Look at New Super Mario Bros. Wii, a new Mario game that, instead of pumping out the 3D models takes a simpler graphical approach. You would think that it would have sold worse than Super Mario Galaxy, another excellent Mario game that came out on the same system, but was rendered in the third dimension. But sales number have shown that Super Mario Galaxy actually sold more poorly than it’s 2-D brother. I mean, Galaxy sold well enough, but the sales of New Super Mario Bros. Wii are higher by an order of magnitude.
Of course, you could say that this is because Nintendo marketed the title to the casual crowd. You might even be right about that, but it’s not just marketing that made New Super Mario Bros. Wii sell well. Playing in two dimensions is actually easier for many than playing in 3D. Oh, you’ll hear people talking about how immersive 3D is, but it also has many headaches associated with it. We’ve come a long way when it comes to 3D gaming, there are still some serious problems with it.
For example, there has never been a perfect camera system in a 3D game. Oh, some games have come very close, but look to games like Monster Hunter Tri and you’ll see that these problems still exist. On the other hand, I defy you to find a 2D game with camera problems. There just isn’t one. Another example is more recent. Have you been playing a 3D game and begun to feel sick? Games as diverse as Mirror’s Edge, Super Mario Galaxy and The Conduit have had gamers complaining of queasiness, and not from the quality of the game. The immersion offered by the third dimension actually messes with some gamers’ equilibrium making what should be a fun experience into a constant struggle with their stomach. Again, to my knowledge this isn’t a problem with 2D games– well, unless you’re playing a Game Boy in a car while riding a windy road.
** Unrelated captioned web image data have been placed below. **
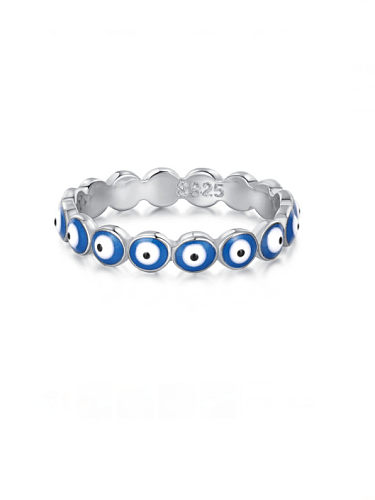 Bague minimaliste en argent sterling 925 avec émail Evil Eye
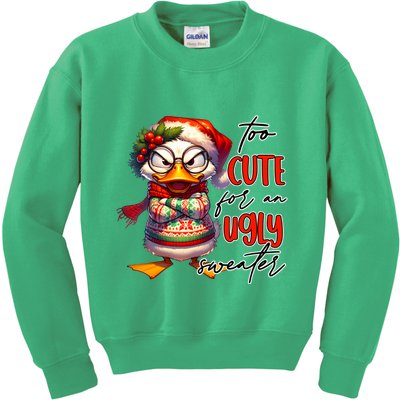 Too Cute For An Ugly Sweater Funny Sarcastic Grumpy Duck Christmas Kids Sweatshirt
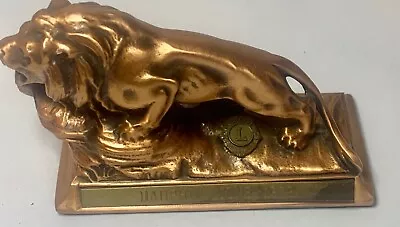 Vintage Bronze Lions Club Lion Figurine/ Paperweight • $19.99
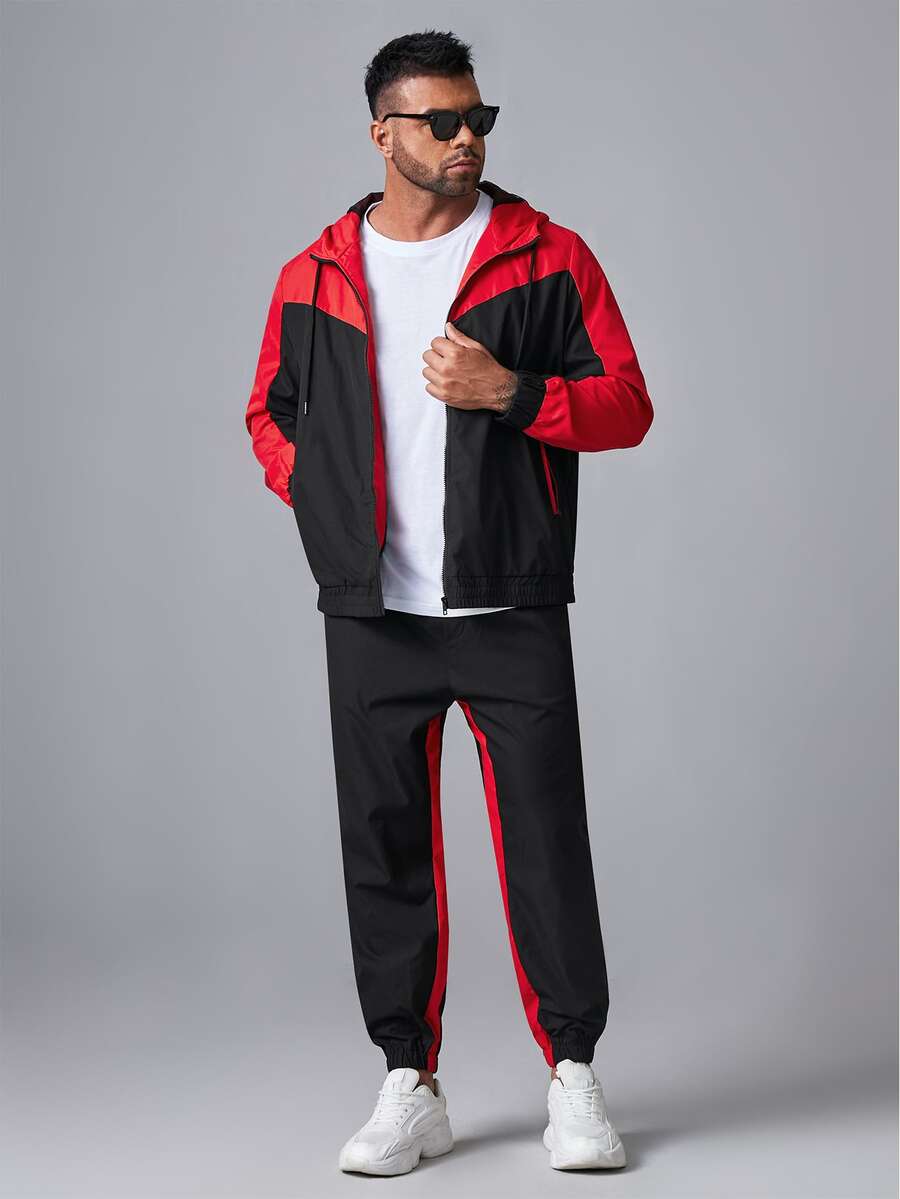 Manfinity Men Plus Zip Up Two Tone Hoodie & Contrast Sideseam Pants - Multicolor - View 1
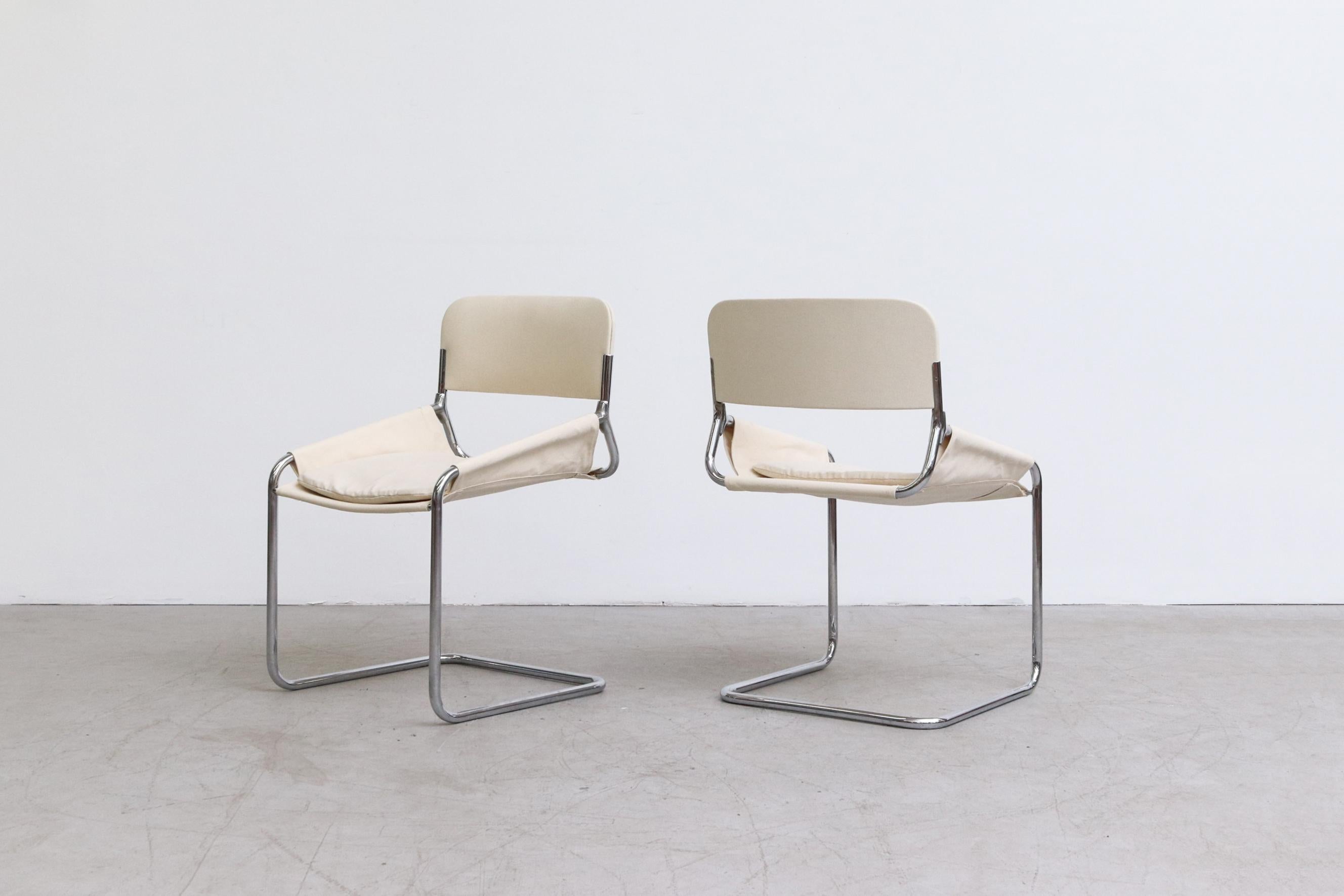 Pair of Italian Chrome and Canvas Chairs 2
Whether you agree with me or disagree the fact remains that while in decline, 2D games are fun enough to compel companies to keep making them. I dare to say that 2D games are more fun than their 3D brethren. If they weren’t why would they still exist? If you’re in that camp who declares 2D dead without trying it, I implore you to give it a chance. Who knows, you may agree with me after giving a 2D game a whirl.